Habryka [Deactivated] comments on How I failed to form views on AI safety

Habryka [Deactivated] 24 Apr 2022 23:50 UTC
11 points
0 ∶ 0
FWIW, I don’t think the problem with assistance games is that it assumes that ML is not going to get to AGI. The issues seem much deeper than that (mostly of the “grain of truth” sort, and from the fact that in CIRL-like formulations, the actual update-rule for how to update your beliefs about the correct value function is where 99% of the problem lies, and the rest of the decomposition doesn’t really seem to me to reduce the problem very much, but instead just shunts it into a tiny box that then seems to get ignored, as far as I can tell).
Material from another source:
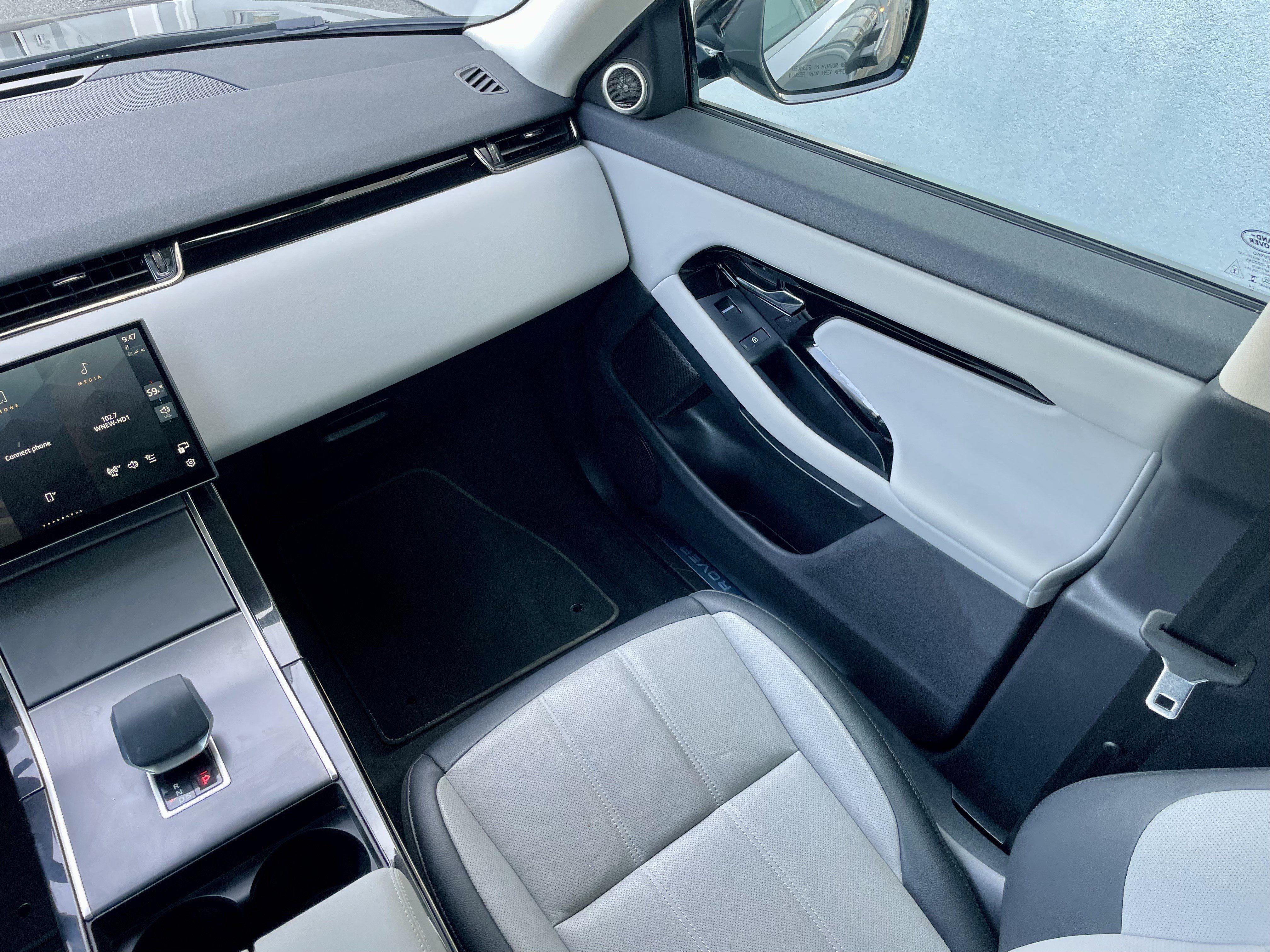 Certified 2025 Land Rover Range Rover Evoque Dynamic SE AWD/4WD image 18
- Rohin Shah 25 Apr 2022 8:11 UTC
  2 points
  0 ∶ 0
  Parent
  The issues seem much deeper than that (mostly of the “grain of truth” sort, and from the fact that in CIRL-like formulations, the actual update-rule for how to update your beliefs about the correct value function is where 99% of the problem lies, and the rest of the decomposition doesn’t really seem to me to reduce the problem very much
  Sounds right, and compatible with everything I said? (Not totally sure what counts as “reducing the problem”, plausibly I’d disagree with you there.)
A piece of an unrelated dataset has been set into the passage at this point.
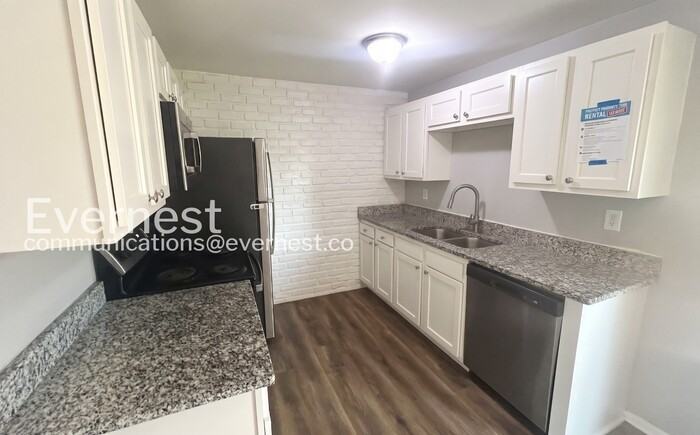 5042 Bentler Dr - Photo 5 of 25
  Like, if you were trying to go to the Moon, and you discovered the rocket equation and some BOTECs said it might be feasible to use, I think (a) you should be excited about this new paradigm for how to get to the Moon, and (b) “99% of the problem” still lies ahead of you, in making a device that actually uses the rocket equation appropriately.
  Is there some other paradigm for AI alignment (neural net based or otherwise) that you think solves more than “1% of the problem”? I’ll be happy to shoot it down for you.
  instead just shunts it into a tiny box that then seems to get ignored, as far as I can tell
  This is definitely a known problem. I think you don’t see much work on it because (a) there isn’t much work on assistance games in general (my outsider impression is that many CHAI grad students are focused on neural nets), and (b) it’s the sort of work that is particularly hard to do in academia.
  - Habryka [Deactivated] 27 Apr 2022 17:53 UTC
    8 points
    0 ∶ 0
    Parent
    Some abstractions that feel like they do real work on AI Alignment (compared to CIRL stuff):
    Inner optimization
    Intent alignment vs. impact alignment
    Natural abstraction hypothesis
    Coherent Extrapolated Volition
    Instrumental convergence
    Acausal trade
    None of these are paradigms, but all of them feel like they do substantially reduce the problem, in a way that doesn’t feel true for CIRL. It is possible I have a skewed perception of actual CIRL stuff, based on your last paragraph though, so it’s plausible we are just talking about different things.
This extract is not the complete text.